Hoje eu acordei com uma vontade de voltar pra ontem.


Impossível acontecer.


Mas de tão verdadeira que foi a vontade, ela virou mensagem no grupo.

Um sentimento compartilhado sem que todos necessariamente compartilhassem do mesmo sentimento.


Compartilhei porque ando meio sentimento frouxo, meio à flor da pele. Meio sem medo.

Essa falta de medo deve ser de tanto cair no chão.


Meu lugar favorito tem sido o chão, a propósito.

Nem é de tanto cair, é de ficar no chão, mesmo.


É onde não corro riscos.


É onde vivo a verdadeira estabilidade que a vida demanda.

Fiquei um pouco preocupado com os amigos se sentando no chão, à minha volta.


Bastaram uns tragos e a preocupação virou lisonjeio: “que bom que eles gostam de estar aqui. Que bom que não se importam em estar no chão. Que bom que se importam comigo.”

Eu testei o CBD para amenizar minhas dores. São “dores neurológicas” - uma nomenclatura que parece errada, mas é como eu me faço entender diante de uma dor que eu não consigo explicar.


Até que funcionou, mas é muito caro: €130,00 durava só 10 dias com, 30 gotinhas ao dia.

Com THC saiu bem mais em conta. O CBD é legalizado na Áustria, o THC, não. Em outras palavras, você pode fumar, só não pode ter onda.


Mesmo assim, ganhei 3,0 g de aniversário. Ganhei também um enrolador e um moedor, ambos de altíssimo nível.


Um kit-relaxation que dispensa o uso de uma das mãos.

Ontem à noite juntamos amigos para jogar conversa fora e estreiar os presentes. Rimos muito.

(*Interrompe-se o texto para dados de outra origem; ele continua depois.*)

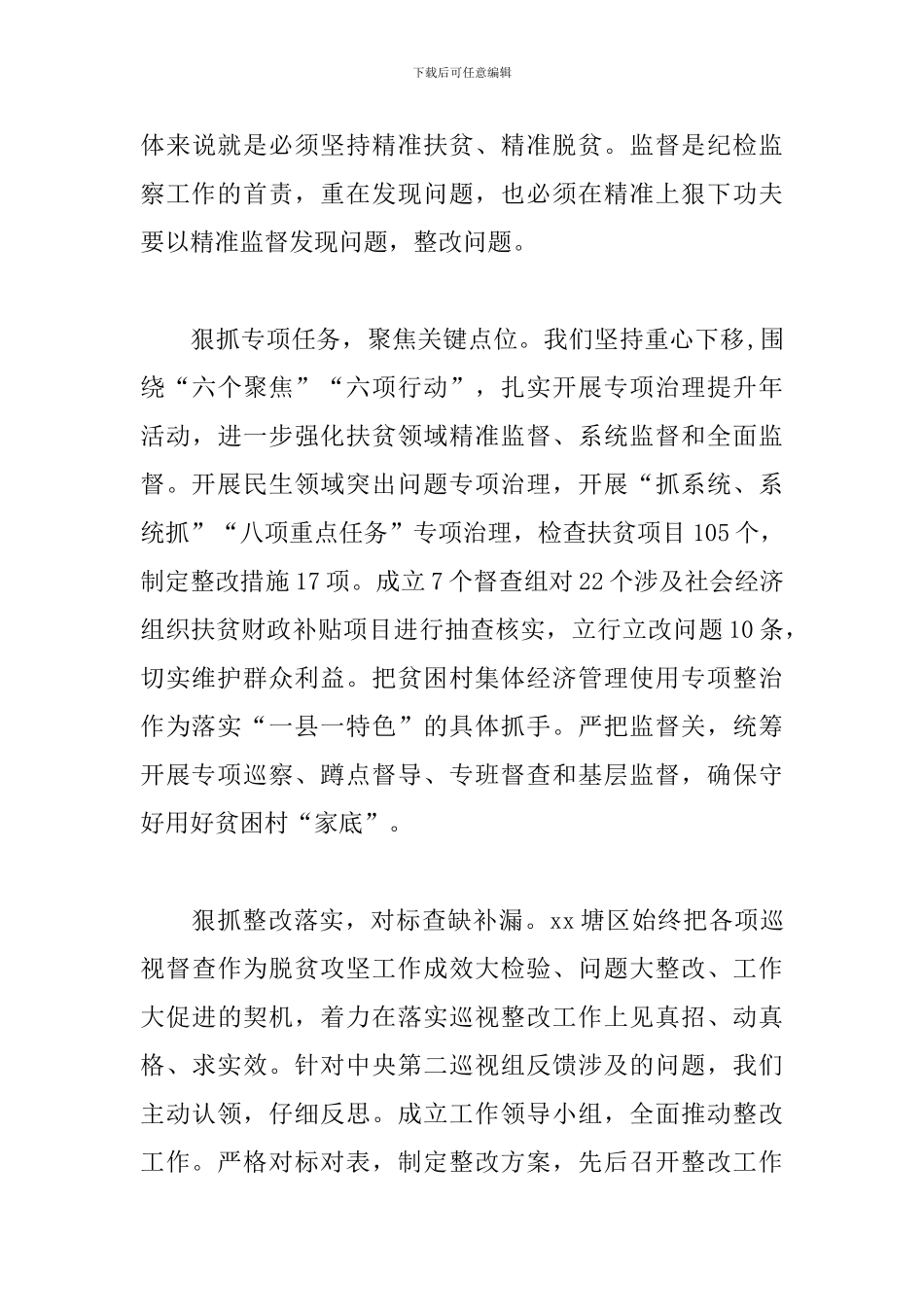 2024年决战决胜脱贫攻坚心得体会模板三篇优秀_第3页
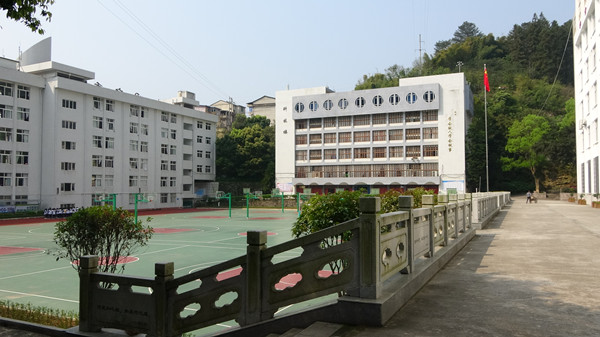 福建省尤溪職業(yè)中專學校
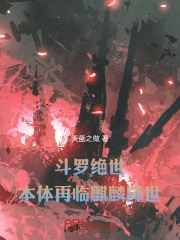 斗罗绝世：本体再临麒麟降世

Rimos de doer a barriga. Rimos de chorar. Rimos como eu não ria desde antes desse AVC sem-graça.


Por isso, hoje eu acordei com vontade de voltar pra ontem.

Não só para esquecer a dor.

Não só pra rir à toa.


Nem só pra sentir mais estabilidade.


É que, por um momento, pareceu que ninguém sentia dor ou medo.